WHAT YOU ARE ASKED TO DO
Your copy should hold only the lines from the one with "Bollove Slushie Cup" to the one with "Beautiful Vintage Christmas", both included, each exactly as it stands below, with no pictures.

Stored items
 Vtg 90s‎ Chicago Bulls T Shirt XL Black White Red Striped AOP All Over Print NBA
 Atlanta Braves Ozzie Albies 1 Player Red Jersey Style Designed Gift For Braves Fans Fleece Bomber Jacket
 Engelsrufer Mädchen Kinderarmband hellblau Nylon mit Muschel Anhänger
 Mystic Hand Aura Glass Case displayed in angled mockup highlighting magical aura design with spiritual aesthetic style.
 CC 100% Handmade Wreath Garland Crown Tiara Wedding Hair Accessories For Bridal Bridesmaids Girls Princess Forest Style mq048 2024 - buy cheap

==

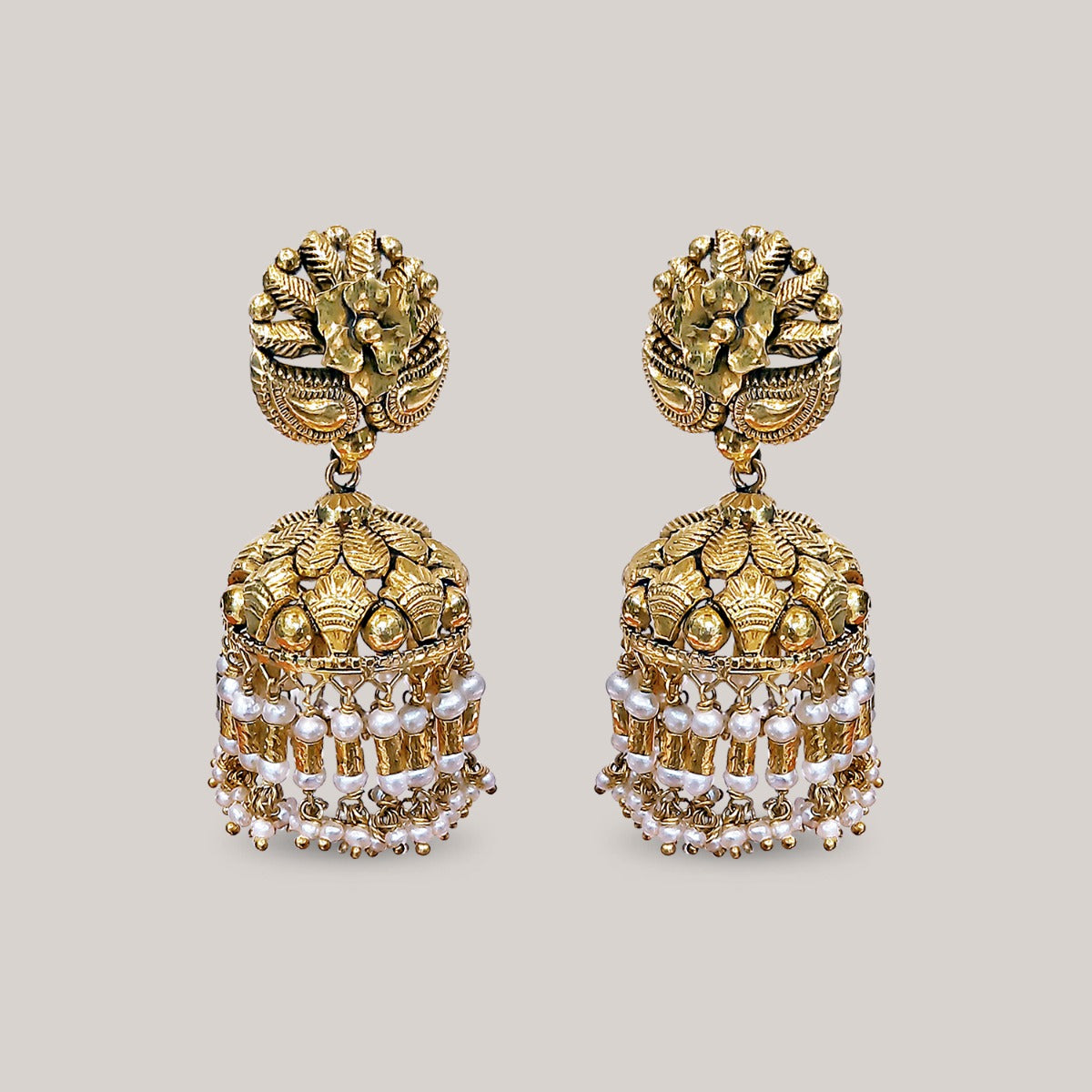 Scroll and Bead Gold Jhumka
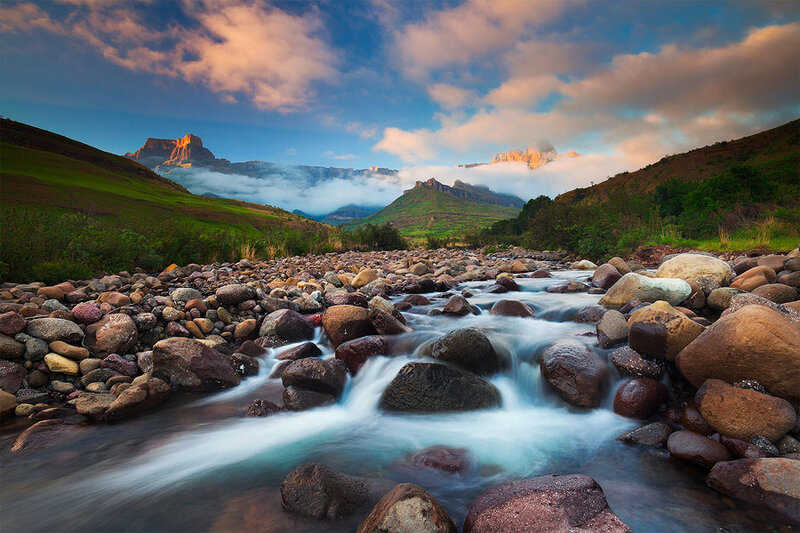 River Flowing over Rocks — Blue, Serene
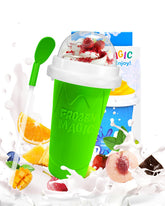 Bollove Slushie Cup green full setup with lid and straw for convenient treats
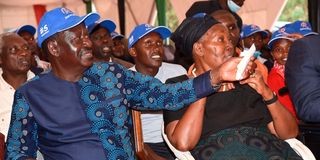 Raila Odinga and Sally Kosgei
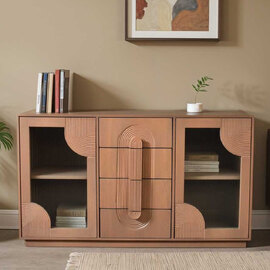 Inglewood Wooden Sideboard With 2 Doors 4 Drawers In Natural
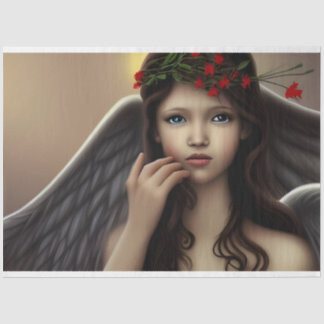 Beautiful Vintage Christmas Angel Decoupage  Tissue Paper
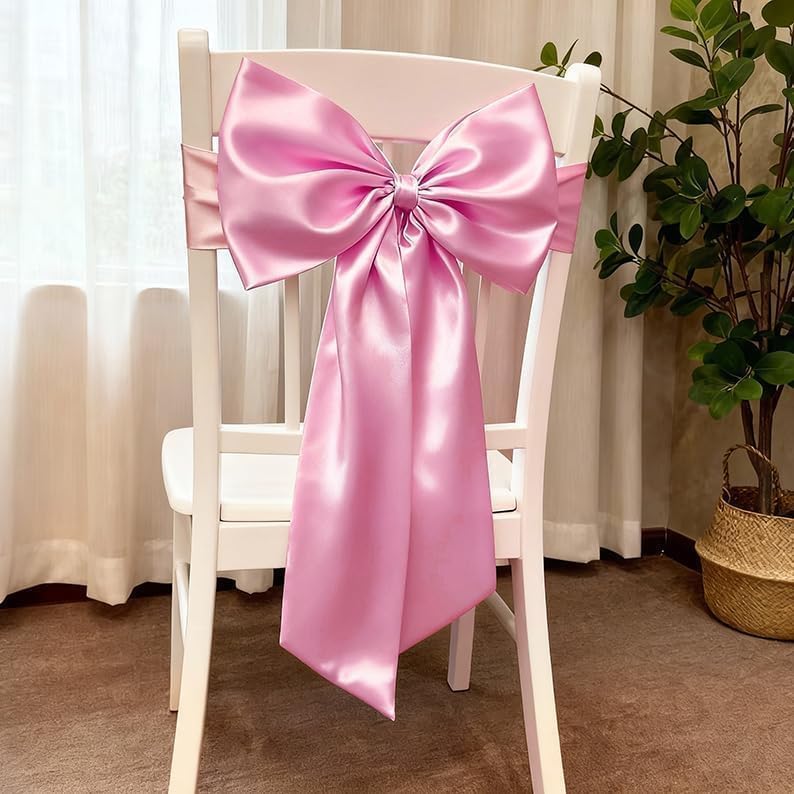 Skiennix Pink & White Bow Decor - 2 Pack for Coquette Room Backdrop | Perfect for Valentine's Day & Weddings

ANSWER TO THE PROBLEM
 Bollove Slushie Cup green full setup with lid and straw for convenient treats
 Raila Odinga and Sally Kosgei
 Inglewood Wooden Sideboard With 2 Doors 4 Drawers In Natural
 Beautiful Vintage Christmas Angel Decoupage  Tissue Paper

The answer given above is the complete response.